# partial fraction decomposition: product in denominator

A fraction $\dfrac{a}{bc}$ can be split into $\dfrac{x}{b} + \dfrac{y}{c}$ by solving for $x$ and $y$ from $a = by + cx$.

Now, then a term $\dfrac{a}{cd}$ should be able to be split like this $$\frac{x}{bc} + \frac{y}{d}$$

But apparently that is not the case, as I have redone the decomposition for the expression $\dfrac{1}{k(k + 1)(k + 2)}$ several times now:

\begin{align*} \frac{1}{k(k + 1)(k + 2)} &= \frac{\overbrace{1}^a}{\underbrace{(k^2 + k)}_b\underbrace{(k + 2)}_c}\\ &= \frac{x}{(k^2 + k)} + \frac{y}{(k + 2)}&\\ &= \frac{x(k + 2)}{(k + 2)(k^2 + k)} + \frac{y(k^2 + k)}{(k + 2)(k^2 + k)} \end{align*}

Solving for $x$ and $y$:

\begin{align*} & 1 = x(k + 2) + y(k^2 + k)\\ & k := -2 \implies y = \frac{1}{2}\\ & 1 = x(k + 2) + \frac{1}{2}(k^2 + k)\\ & k := -1 \implies x = 1 \end{align*}

Thus:

$$\frac{1}{k(k + 1)(k + 2)} = \frac{1}{k(k + 1)} + \frac{\frac{1}{2}}{(k + 2)}\\$$

But that is not correct, as this example shows:

$$\frac{1}{3(3 + 1)}+ \frac{\frac{1}{2}}{3 + 2} = \frac{11}{60}$$

while

$$\frac{1}{3(3 + 1)(3 + 2)} = \frac{1}{60}$$

I hope I have not made some silly obvious arithmetic or algebraic mistake, but I have redone this several times, leading me to assume I am making a wrong assumption about how this works. So, is my assumption that there are $x$ and $y$ such that $\dfrac{a}{bcd} = \dfrac{x}{bc} + \dfrac{y}{d}$ wrong?
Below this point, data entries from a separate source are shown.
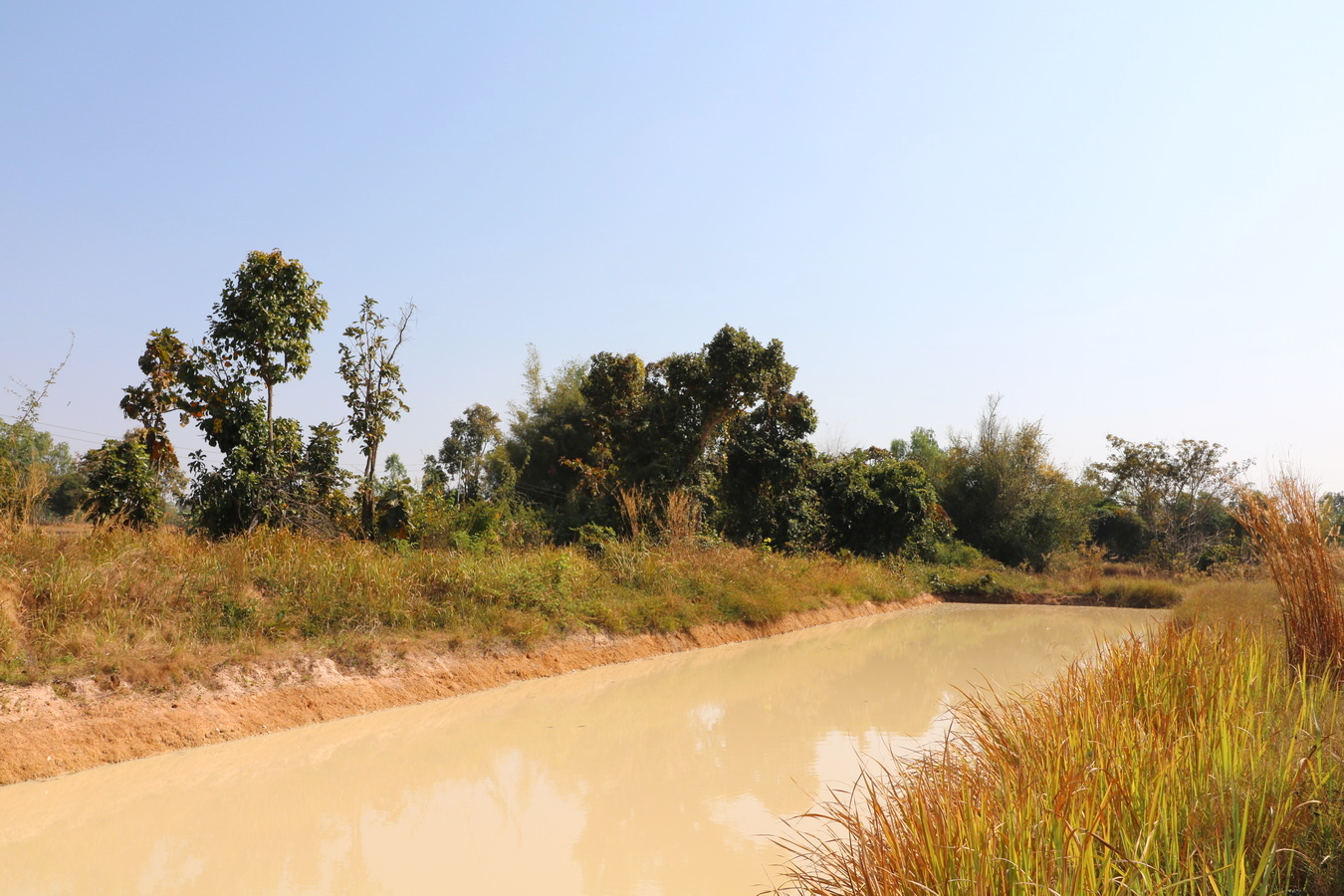 39+ Rai Of Land For Sale, 4 Km’s South Of Sawang Daen Din, Sakon Nakhon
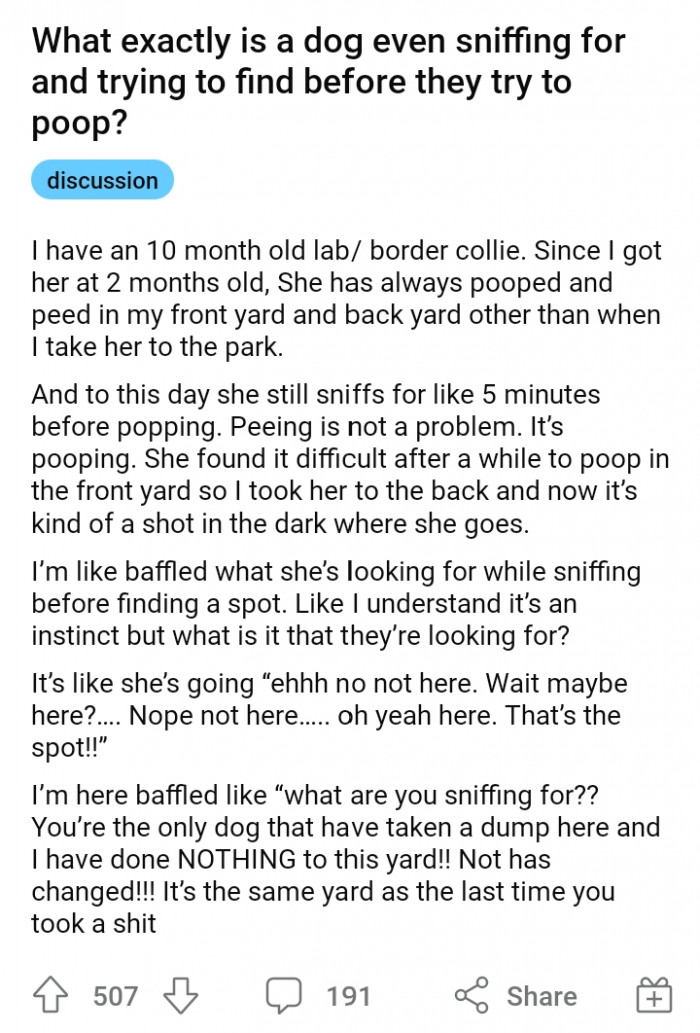 OP asking the u/Dogtraining subreddit community.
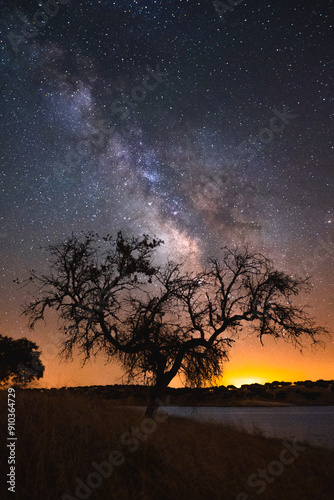 Milky Way arches over a solitary tree by Alqueva Lake, Portugal, capturing the serene beauty of the night sky in this stunning astrophotography shot. photo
• You should guess $\frac{ak+b}{k(k+1)}$ instead. – Chee Han Dec 12 '16 at 0:43
• @Moo why is that? – user3578468 Dec 12 '16 at 0:46
• @Moo ok, but why can't I make $k(k+1)$ to $k^2 + k$ and then have $\frac{a}{k^2 + k} + \frac{b}{k+2}$? Why do I have to have one fraction for each factor in the denominator? – user3578468 Dec 12 '16 at 0:55
• @Moo ok, but when I do not make a fraction for each factor then I would be doing it like I did it in my question post, which lead to a wrong result. which would imply what I did was in principle correct and I just made some simple error OTHER than splitting the fraction the way I did. But I don't see any error, which in turn does not reduce my confusion. – user3578468 Dec 12 '16 at 1:03
• @Moo why did you delete your comments? ... – user3578468 Dec 12 '16 at 1:19

You have three factors without multiplicity, so try

$$\frac{1}{k(k+1)(k+2)} \equiv \frac{A}{k}+\frac{B}{k+1}+\frac{C}{k+2}$$

Spoiler below

$$\frac{1}{k(k+1)(k+2)} \equiv \frac{1}{2k}-\frac{1}{k+1}+\frac{1}{2(k+2)}$$

Your procedure is ok till $1 = x(k + 2) + y(k^2 + k)$.
Now in solving this you make the wrong assumption that $x$ is independent from $k$ (is constant for whichever $k$). The theory of partial fractions decomposition says that if the denominator of one the decomposition fractions is (or is kept) of degree 2, then the numerator will, in general, be of degree 1.
The answer above shows you the details.